At least four Bangkok shopping malls are trying to reopen for partial business days after antigovernment demonstrators forced the closure of the city’s main retail district for more than a week.

Yet the openings have not been smooth, as the demonstrators, who call themselves the Red Shirts, forced the early closure of one mall on Saturday and shoppers were locked inside for several hours before the roads cleared enough for them to leave.

“Shoppers are afraid to come downtown,” said a spokesman for Siam Paragon Development Corp.

Siam Paragon, Siam Discovery, Siam Center and Central Chidlom, a block away from the apparent headquarters for the protestors, tried to open Friday but closed at 6 p.m. instead of the usual 9 or 10 p.m.

On Saturday, at least one mall, Siam Paragon, Bangkok’s luxury shopping center, was forced to close at 3 p.m. when the demonstrators again moved to block the main highway leading to the center. Shoppers were instructed to leave through a back door, but some were locked in the center for several hours before they could be let out, the spokesman said.

All the malls were closed on Sunday because the city’s Sky Train service was shut down by the government to prevent protestors from damaging the stations. Siam Paragon had plans to reopen on Monday for abbreviated hours.

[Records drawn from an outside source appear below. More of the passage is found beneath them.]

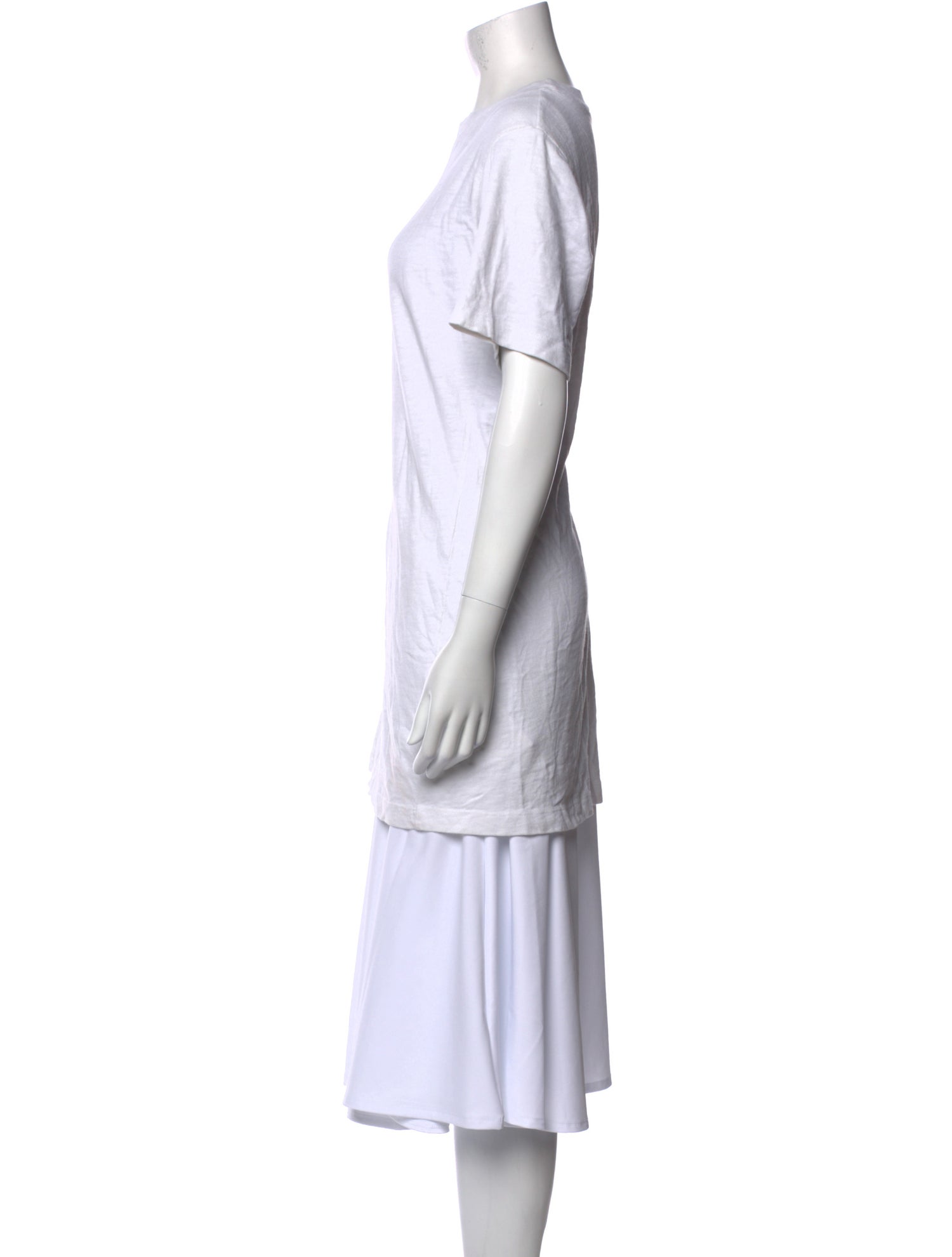 Cotton Citizen Crew Neck Mini Dress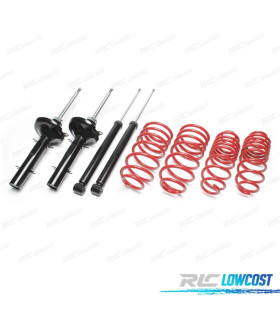 KIT SOSPENSIONE SPORTIVA PER MERCEDES SLK R171 04-11
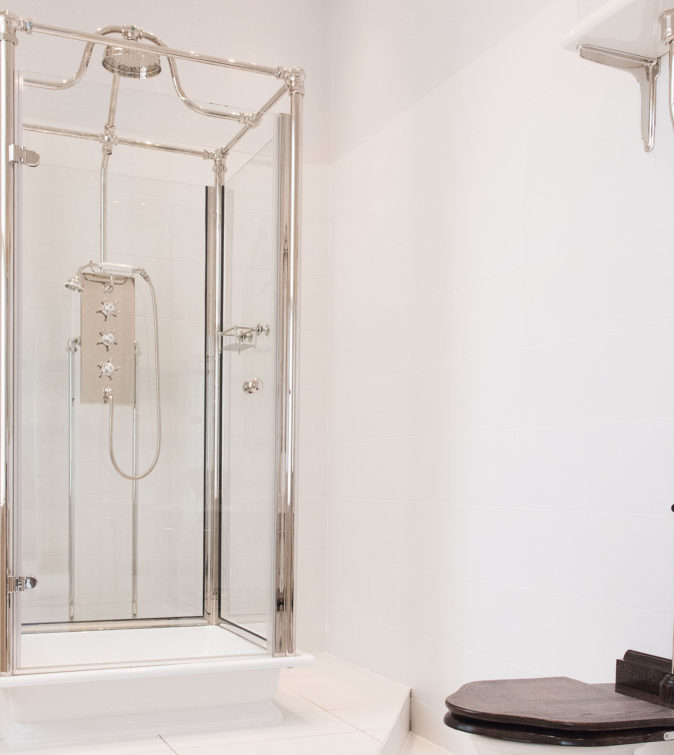 Luxury Freestanding Showers Drummonds Bathrooms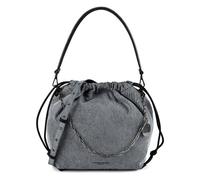 LIEBESKIND BERLIN borsa a tracolla Lya II Hobo Bag Blue Denim grigio cadetto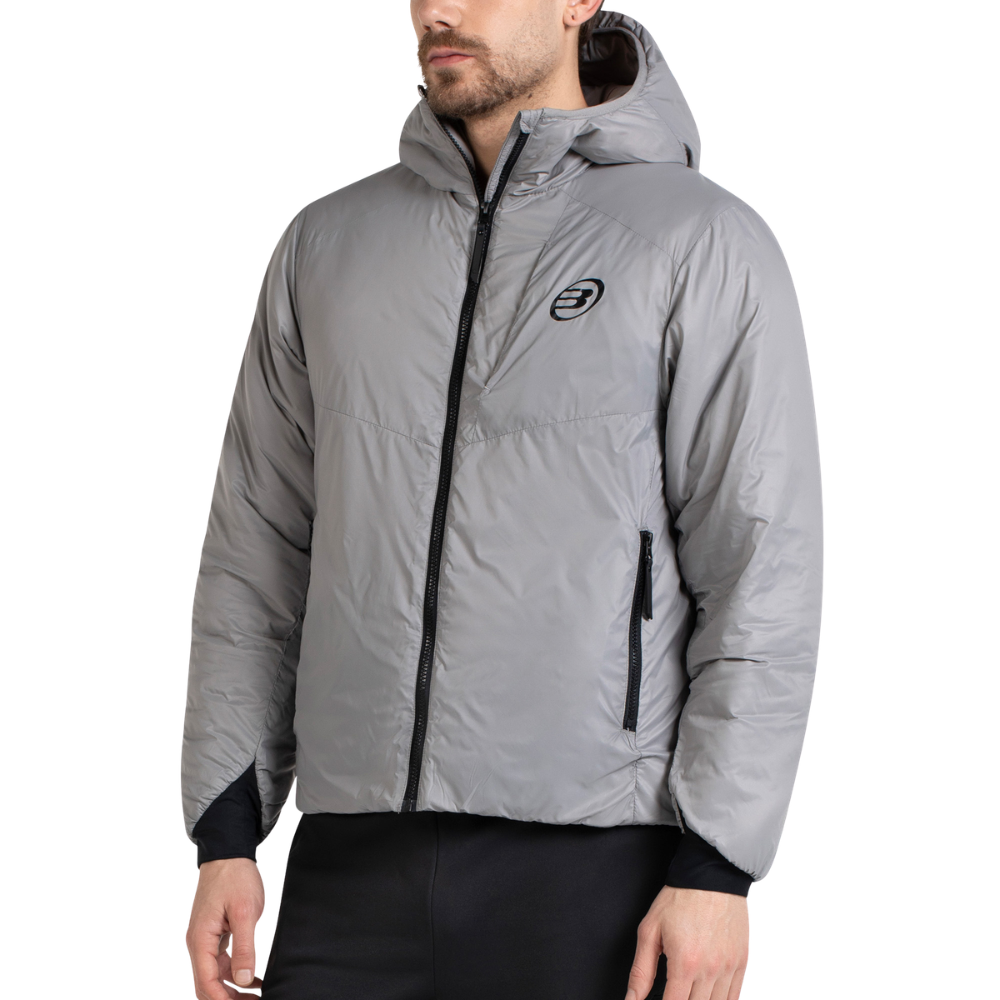 Doudoune Bullpadel Etireo Gris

Amarin Center and Gaysorn, another luxury shopping mall on the retail strip that borders the Ratchaprasong intersection, have remained closed since April 3, said a spokeswoman for the Ratchaprasong Square Trade Association.

“I don’t know when they will reopen,” she said.

Central Chidlom and Siam Paragon have canceled promotions for Songkran, Thailand’s new year that is anticipated as a major shopping event for Bangkok retailers.

The demonstrations turned violent over the weekend as 21 people were killed and close to 900 were injured. Police from around Thailand have been called to Bangkok to help quell the demonstrations, but the Red Guard, a segment of the Red Shirts that have deputized themselves to police the opposition, have established the Ratchaprasong intersection as their center of operations, severely limiting retailing. The government appears to be hoping the demonstrators will clear Bangkok streets and return to their homes for Songkran celebrations this week.

“The government isn’t doing anything to move them from the retail district,” said a spokeswoman for the retail district. “It’s hurting our economy and tourism.”

The Thai composite stock index closed Monday down 3.64 percent. Downtown hotels near the retail district have reported their occupancy has dropped to 20 percent since the antigovernment siege began. Elsewhere in Thailand, occupancy rates are around 80 percent.

On Monday, Thailand’s election commission recommended that the party of Prime Minister Abhisit Vejjajiva be dissolved, a move that strengthens the opposition.

“I’m afraid for the entire Thai economy,” said the Siam Paragon spokesman. “What will happen to us after this situation clears?”